PROBLEM:
The answer should be a single number: how many lines of the entries below hold the word "Hoodie".

----------

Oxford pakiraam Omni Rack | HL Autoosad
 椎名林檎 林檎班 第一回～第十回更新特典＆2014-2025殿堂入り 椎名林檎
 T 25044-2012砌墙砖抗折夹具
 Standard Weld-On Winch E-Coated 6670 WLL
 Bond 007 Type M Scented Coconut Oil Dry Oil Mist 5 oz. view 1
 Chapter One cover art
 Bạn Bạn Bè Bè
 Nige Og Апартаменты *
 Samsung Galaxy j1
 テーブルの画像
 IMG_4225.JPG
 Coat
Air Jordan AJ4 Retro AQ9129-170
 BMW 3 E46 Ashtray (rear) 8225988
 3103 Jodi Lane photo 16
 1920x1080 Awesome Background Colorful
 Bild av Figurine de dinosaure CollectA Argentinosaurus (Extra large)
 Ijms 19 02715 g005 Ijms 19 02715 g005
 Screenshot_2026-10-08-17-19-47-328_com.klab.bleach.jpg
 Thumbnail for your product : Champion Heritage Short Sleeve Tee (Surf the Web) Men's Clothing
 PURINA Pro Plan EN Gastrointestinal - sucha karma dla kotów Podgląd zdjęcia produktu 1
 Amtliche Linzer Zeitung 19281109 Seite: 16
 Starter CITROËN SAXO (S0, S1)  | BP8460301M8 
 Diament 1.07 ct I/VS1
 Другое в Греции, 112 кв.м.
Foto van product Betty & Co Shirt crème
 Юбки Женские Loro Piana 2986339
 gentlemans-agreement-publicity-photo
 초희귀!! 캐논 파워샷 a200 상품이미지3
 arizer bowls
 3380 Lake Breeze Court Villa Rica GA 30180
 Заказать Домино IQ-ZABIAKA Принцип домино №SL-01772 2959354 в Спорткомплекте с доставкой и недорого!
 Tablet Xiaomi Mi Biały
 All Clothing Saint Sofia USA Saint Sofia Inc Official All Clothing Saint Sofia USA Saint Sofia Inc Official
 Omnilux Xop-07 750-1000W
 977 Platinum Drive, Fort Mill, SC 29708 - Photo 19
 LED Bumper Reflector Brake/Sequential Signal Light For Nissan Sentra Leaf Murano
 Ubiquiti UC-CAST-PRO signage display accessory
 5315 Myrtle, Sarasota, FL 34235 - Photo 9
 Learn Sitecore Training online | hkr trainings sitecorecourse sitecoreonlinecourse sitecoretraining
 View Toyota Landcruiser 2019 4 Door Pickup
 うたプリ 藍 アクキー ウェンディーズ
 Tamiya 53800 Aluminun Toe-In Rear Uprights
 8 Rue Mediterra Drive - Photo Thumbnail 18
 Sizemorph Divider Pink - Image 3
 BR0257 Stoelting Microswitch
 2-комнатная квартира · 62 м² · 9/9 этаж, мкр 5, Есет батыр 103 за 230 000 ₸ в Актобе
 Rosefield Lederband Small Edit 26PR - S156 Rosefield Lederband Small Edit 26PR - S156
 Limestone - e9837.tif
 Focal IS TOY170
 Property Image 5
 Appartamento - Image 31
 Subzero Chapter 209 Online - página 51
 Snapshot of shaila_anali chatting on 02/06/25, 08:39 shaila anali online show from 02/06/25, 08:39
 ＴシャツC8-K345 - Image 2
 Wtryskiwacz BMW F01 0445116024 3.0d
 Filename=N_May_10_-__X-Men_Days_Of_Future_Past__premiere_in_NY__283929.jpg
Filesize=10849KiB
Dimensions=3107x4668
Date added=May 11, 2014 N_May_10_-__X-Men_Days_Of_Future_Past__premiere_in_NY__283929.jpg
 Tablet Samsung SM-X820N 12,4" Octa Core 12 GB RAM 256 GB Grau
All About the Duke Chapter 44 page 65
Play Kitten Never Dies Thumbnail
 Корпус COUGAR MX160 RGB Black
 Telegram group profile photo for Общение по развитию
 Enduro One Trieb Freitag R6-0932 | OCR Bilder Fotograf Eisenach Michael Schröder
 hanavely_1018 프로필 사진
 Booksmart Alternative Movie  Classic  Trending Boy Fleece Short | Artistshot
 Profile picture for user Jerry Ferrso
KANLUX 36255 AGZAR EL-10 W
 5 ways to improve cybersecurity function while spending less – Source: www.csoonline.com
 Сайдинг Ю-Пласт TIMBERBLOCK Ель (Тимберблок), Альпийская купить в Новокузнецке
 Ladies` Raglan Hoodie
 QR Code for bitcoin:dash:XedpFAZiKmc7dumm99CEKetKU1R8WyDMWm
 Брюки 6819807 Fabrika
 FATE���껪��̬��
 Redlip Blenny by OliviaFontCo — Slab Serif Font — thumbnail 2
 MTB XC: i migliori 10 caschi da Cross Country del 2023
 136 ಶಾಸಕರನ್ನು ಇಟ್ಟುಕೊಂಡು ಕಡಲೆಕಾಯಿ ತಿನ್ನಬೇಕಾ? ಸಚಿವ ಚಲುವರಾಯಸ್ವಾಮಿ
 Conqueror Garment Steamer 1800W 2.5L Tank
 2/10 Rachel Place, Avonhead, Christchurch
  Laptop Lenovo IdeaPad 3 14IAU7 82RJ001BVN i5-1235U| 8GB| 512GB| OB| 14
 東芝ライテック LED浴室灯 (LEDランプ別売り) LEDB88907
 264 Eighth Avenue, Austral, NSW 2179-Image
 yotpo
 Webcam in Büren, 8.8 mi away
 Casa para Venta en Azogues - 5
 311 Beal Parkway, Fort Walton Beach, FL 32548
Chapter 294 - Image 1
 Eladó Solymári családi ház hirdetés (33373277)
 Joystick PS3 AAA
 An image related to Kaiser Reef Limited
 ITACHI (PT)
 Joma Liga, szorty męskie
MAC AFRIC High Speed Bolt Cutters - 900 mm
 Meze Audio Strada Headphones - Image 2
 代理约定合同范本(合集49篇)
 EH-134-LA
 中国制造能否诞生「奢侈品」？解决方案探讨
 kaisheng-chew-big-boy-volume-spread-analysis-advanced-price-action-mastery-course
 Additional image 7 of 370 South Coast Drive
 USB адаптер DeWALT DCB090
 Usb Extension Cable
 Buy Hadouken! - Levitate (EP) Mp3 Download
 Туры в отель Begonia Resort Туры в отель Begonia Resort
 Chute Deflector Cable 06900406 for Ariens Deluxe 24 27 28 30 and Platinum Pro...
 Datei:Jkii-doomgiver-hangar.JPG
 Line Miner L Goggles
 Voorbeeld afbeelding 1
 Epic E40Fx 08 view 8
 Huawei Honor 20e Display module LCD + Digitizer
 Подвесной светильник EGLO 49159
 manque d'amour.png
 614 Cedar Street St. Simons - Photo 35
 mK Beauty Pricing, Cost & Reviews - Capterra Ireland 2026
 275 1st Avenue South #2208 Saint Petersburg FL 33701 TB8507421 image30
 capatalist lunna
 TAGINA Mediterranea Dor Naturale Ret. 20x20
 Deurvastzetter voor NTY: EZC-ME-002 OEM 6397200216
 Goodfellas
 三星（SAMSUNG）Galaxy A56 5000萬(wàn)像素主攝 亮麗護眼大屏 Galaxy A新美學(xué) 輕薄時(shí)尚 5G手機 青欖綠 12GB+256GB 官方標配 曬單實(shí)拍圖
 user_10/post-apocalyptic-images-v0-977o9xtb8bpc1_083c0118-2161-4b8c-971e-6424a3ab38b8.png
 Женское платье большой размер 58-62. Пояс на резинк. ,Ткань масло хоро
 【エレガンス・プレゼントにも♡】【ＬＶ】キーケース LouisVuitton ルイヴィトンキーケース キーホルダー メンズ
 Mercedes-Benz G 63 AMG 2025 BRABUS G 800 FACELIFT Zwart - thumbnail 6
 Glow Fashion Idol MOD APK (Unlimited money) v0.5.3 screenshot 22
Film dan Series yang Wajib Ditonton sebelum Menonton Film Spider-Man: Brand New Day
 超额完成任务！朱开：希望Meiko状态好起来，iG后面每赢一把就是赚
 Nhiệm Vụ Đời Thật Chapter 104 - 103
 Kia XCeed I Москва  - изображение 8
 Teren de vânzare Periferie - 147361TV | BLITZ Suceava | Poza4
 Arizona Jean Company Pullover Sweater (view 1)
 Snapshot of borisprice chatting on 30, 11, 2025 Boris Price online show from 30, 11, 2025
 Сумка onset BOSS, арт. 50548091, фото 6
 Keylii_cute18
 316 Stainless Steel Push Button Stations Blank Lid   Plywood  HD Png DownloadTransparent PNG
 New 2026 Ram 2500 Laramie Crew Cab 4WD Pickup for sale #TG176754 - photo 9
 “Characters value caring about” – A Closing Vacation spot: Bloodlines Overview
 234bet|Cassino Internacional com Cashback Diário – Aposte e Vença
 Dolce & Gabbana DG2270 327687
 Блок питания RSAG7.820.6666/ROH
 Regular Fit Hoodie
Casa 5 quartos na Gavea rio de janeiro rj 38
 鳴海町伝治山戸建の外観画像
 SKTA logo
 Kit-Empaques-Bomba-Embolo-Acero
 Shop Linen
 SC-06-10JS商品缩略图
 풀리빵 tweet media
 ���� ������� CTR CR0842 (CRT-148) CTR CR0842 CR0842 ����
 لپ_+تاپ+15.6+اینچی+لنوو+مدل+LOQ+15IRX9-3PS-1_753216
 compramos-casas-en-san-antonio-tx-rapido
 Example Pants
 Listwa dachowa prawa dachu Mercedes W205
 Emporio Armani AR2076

----------

RESPONSE TO THE EXERCISE:
2